Mt 21,33-43
Siamo ancora nel capitolo ventunesimo del vangelo di Matteo e continua il discorso di Gesù in sul Regno di Dio. Un’altra parabola diretta ancora una volta agli anziani e ai capi del popolo. Gesù con questa parabola è ancora più chiaro, non lascia spazio ad alcun dubbio. Il padrone della parabola è attento, prima di affidare la vigna ai contadini si procura di recintarla, di scavare la buca per il torchio e poi di costruire la torre. È tutto pronto, i contadini dovranno solo coltivarla affinchè porti frutto.
Quando arriva il tempo di raccogliere i frutti, non solo non arrivano ma addirittura i servi che il padrone manda vengono maltrattati e uccisi, i primi, i secondi, e addirittura il proprio figlio.

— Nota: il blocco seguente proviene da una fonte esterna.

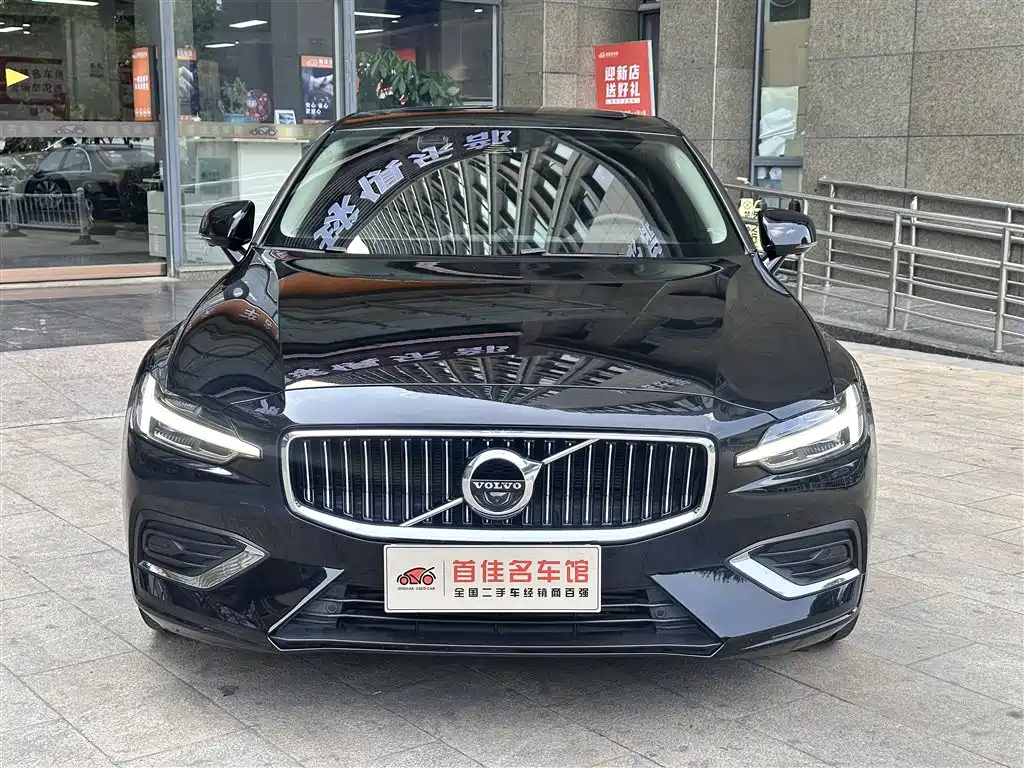 VOLVO S60 2021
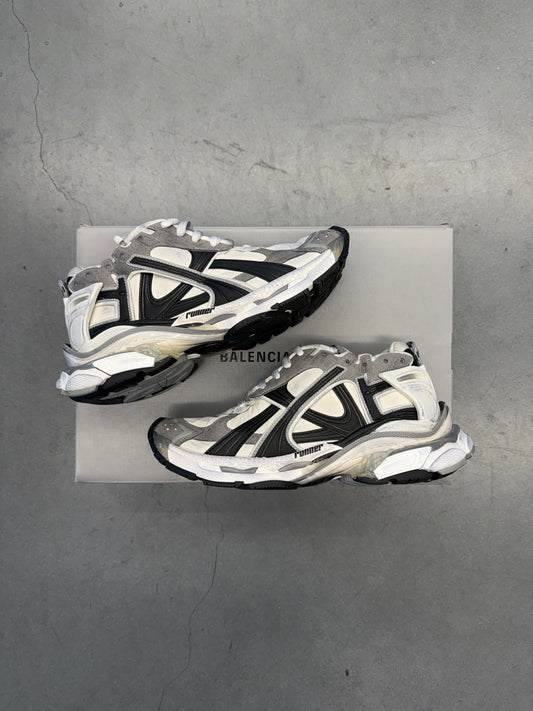 SIZE 42 BALENCIAGA MEN'S RUNNER SNEAKERS NYLON/SUEDE/MESH (NEW WITH BOX)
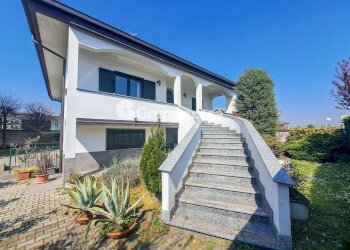 Foto 2 - Villa Strada Robecco
 
10, Magenta - foto 2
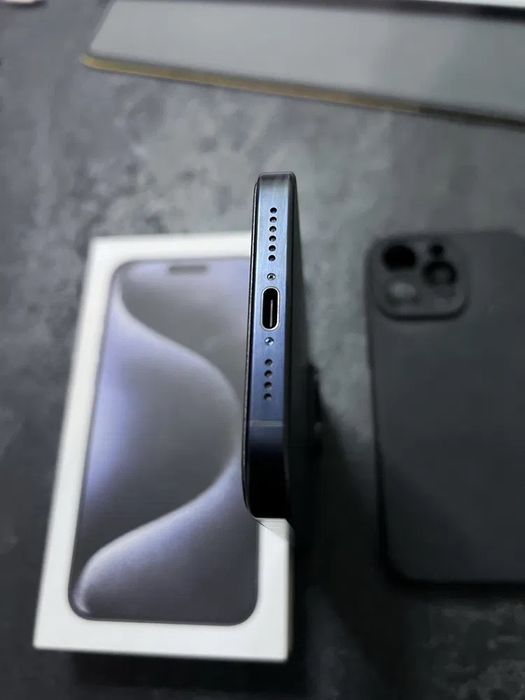 iPhone 15 Pro Max 512 GB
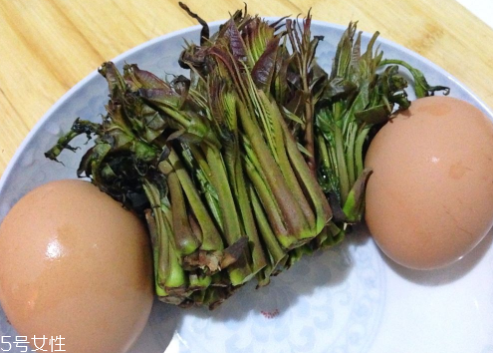 香椿吃了上火嗎？怕上火吃涼拌香椿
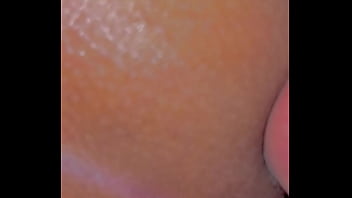 Mi mita hermana me pregunto que se siente comer culo...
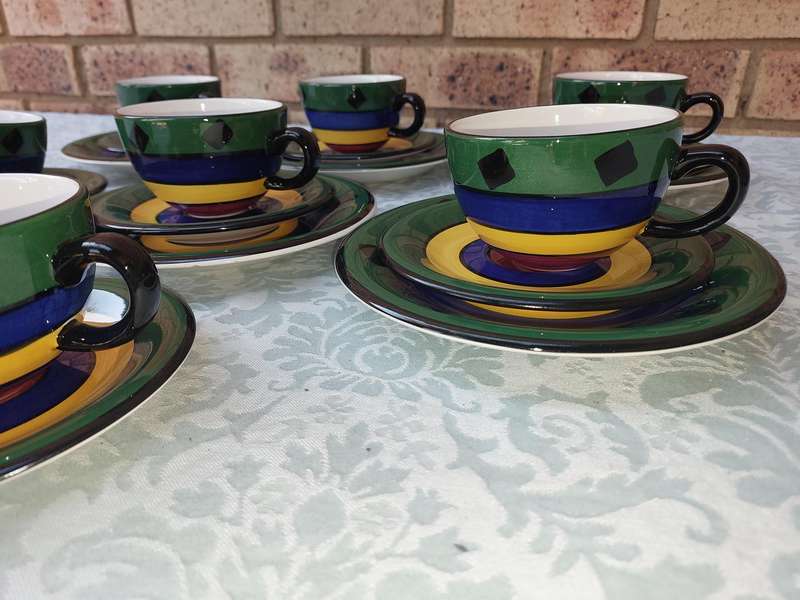 A 21 PIECE LIVING ART TANGO HAND PAINTED IN CHINA TEACUP AND SAUCER SET SOLD AS IS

Tante le possibilità predisposte, prima di tutto il dono della vigna affidata, per curarla, coltivarla, fare sì che porti i frutti e non certo possederla. Immensa la pazienza di quest’uomo che non interviene subito, attende, riprova una seconda e una terza volta mandando e “perdendo” ciò che ha di più caro: il proprio figlio. Prima della conclusione Gesù pone una domanda: Che farà il padrone della vigna? Non rinnuncerà di certo alla sua opera ma lo affiderà ad altri, ad altri che producano frutto. Vi sarà tolto il Regno di Dio, vi sarà tolto perché il tesoro, la perla preziosa non possono essere sepolti o andati persi, non possono essere solo il motivo per vantarsene e farci sentire a posto. Il tesoro e la perla preziosa, cioè il Regno di Dio è un dono da moltiplicare, condividere, curare, potenziare.

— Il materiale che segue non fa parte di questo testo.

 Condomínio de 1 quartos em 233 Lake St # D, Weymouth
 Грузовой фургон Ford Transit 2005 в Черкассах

Questa Parola ci invita a portare frutti, o meglio, a domandarci quali frutti Dio attende da noi?
Una certezza c’è; Dio non abbandona mai la sua vigna, il suo amore è instancabile, è un amore che recupera le pietre scartate per farle diventare pietre d’angolo, è un amore che dalla roccia fa sgorgare l’acqua, è un amore creativo, capace di trovare sempre nuove vie per arrivare all’umanità.